People cried about Steam like it was the end of the world in 2005. It is 10 years later and we still get people crying about it, despite it having been shown a superior delivery method.
 

ImpulsE69

Lifer
Jan 8, 2010
14,946
1,077
126
I think for the masses all digital console will have more overall impact than with PC gamers. PC gamers were already used to not being able to return or trade in games (for the most part).

While they've been edging this way for awhile in the console world, it is going to be a rude awakening that your many games are worth pretty much zero once the next gen arrives.

Maybe not though...
 

purbeast0

No Lifer
Sep 13, 2001
53,638
6,521
126
if consoles went all digital, they'd lose about 90% of their customers, so i don't see it coming any time soon.

(yes i completely made that number up, but you're delusional if you think the majority of people download games over purchasing physical discs)
 

thehotsung8701A

Senior member
May 18, 2015
584
1
0
if consoles went all digital, they'd lose about 90% of their customers, so i don't see it coming any time soon.

(yes i completely made that number up, but you're delusional if you think the majority of people download games over purchasing physical discs)

Thank you. That is the reassurance I need. Game-stop wouldn't exist if console went digital. There is no more market for physical for PC so I hope that is not the case with console, not now and not ever.
 

ImpulsE69

Lifer
Jan 8, 2010
14,946
1,077
126
Gamestop has nothing to do with whether consoles go digital or not. They have zero say. The corporations WANT all digital because they want to remove rental and 2nd hand market. MS tried like crazy to get that to happen out of the gate with Xbox One. They aren't going to stop yet...and no I don't think console gamers will suddenly stop buying games if they can't get physical. They've already shown that many are already going digital only anyway.
 

smackababy

Lifer
Oct 30, 2008
27,024
79
86
if consoles went all digital, they'd lose about 90% of their customers, so i don't see it coming any time soon.

(yes i completely made that number up, but you're delusional if you think the majority of people download games over purchasing physical discs)

I remember these exact same comments when Steam was released. People were saying HL2 was going to fail and games that didn't have physical copies wouldn't make it and that Valve was killing PC gaming. Yeah... that seemed to work out.

Digital releases are the wave of the future. It is happening.
 

thehotsung8701A

Senior member
May 18, 2015
584
1
0
I remember these exact same comments when Steam was released. People were saying HL2 was going to fail and games that didn't have physical copies wouldn't make it and that Valve was killing PC gaming. Yeah... that seemed to work out.

Digital releases are the wave of the future. It is happening.
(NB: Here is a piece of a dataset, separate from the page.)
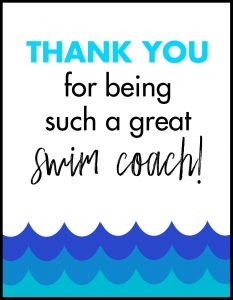 Thank You Swim Coach A2 Card Flat With Border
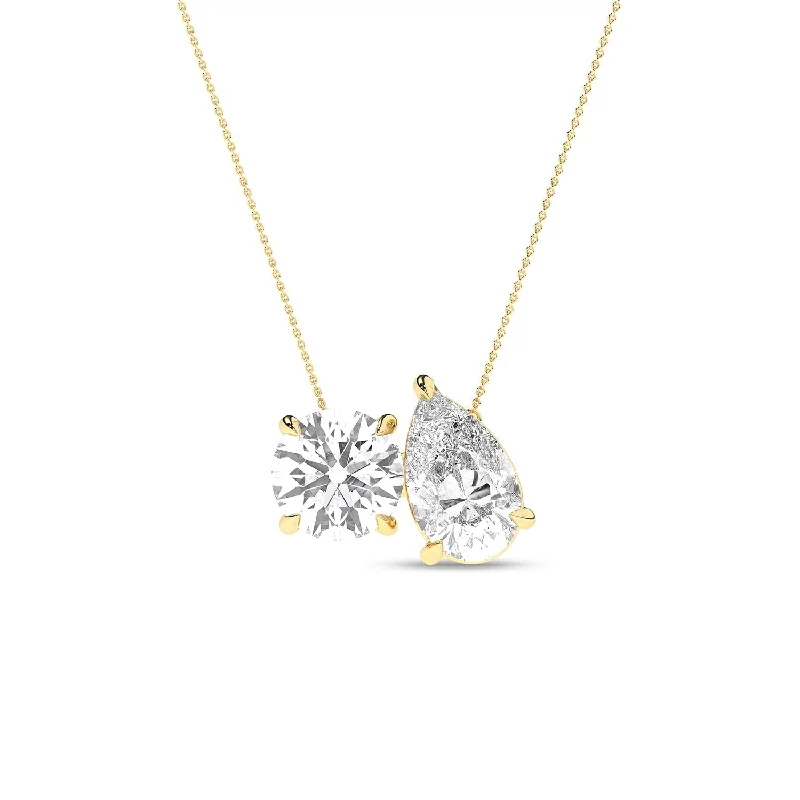 Round Pear Diamond Two-Stone Necklace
Why did you have to go and smack a baby in the mouth? :'(
 

cmdrdredd

Lifer
Dec 12, 2001
27,052
357
126
if consoles went all digital, they'd lose about 90% of their customers, so i don't see it coming any time soon.
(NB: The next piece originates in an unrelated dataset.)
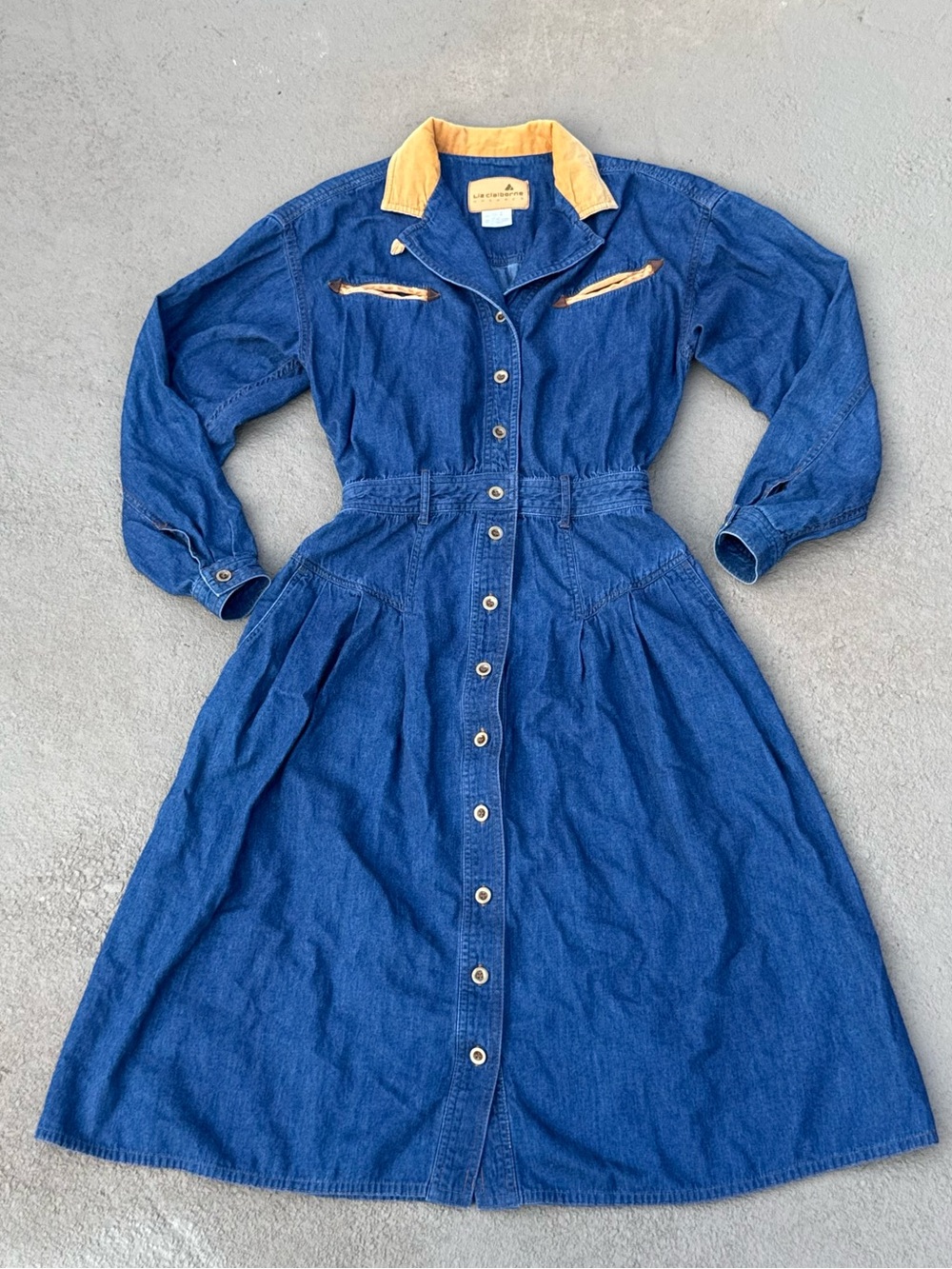 Vintage Liz Claiborne Denim Maxi Shirt Dress Size 4 Western 100% Cotton 80s 90s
(yes i completely made that number up, but you're delusional if you think the majority of people download games over purchasing physical discs)

Yes I think this is the case as well. Most people walk into a store and browse the game section. They don't always keep up on what's hot and new (unless the store says it's a new release). Take that away and there will be fewer people buying console games. See consoles are not like the PC market so trying to use Steam as an example is kind of odd. People who own and build PCs are more knowledgeable and technical minded by and large. The average person with a console is much more casual and might not be comfortable buying a game from PSN or Xbox Live, especially if it's for a gift or with no way to return it if it's the wrong game. It's just a different demographic of people. This isn't even accounting for the whole internet thing. Data caps threaten digital distribution, streaming, and such.
 

Anon_lawyer

Member
Sep 8, 2014
57
9
71
Yes I think this is the case as well. Most people walk into a store and browse the game section. They don't always keep up on what's hot and new (unless the store says it's a new release). Take that away and there will be fewer people buying console games. See consoles are not like the PC market so trying to use Steam as an example is kind of odd. People who own and build PCs are more knowledgeable and technical minded by and large. The average person with a console is much more casual and might not be comfortable buying a game from PSN or Xbox Live, especially if it's for a gift or with no way to return it if it's the wrong game. It's just a different demographic of people. This isn't even accounting for the whole internet thing. Data caps threaten digital distribution, streaming, and such.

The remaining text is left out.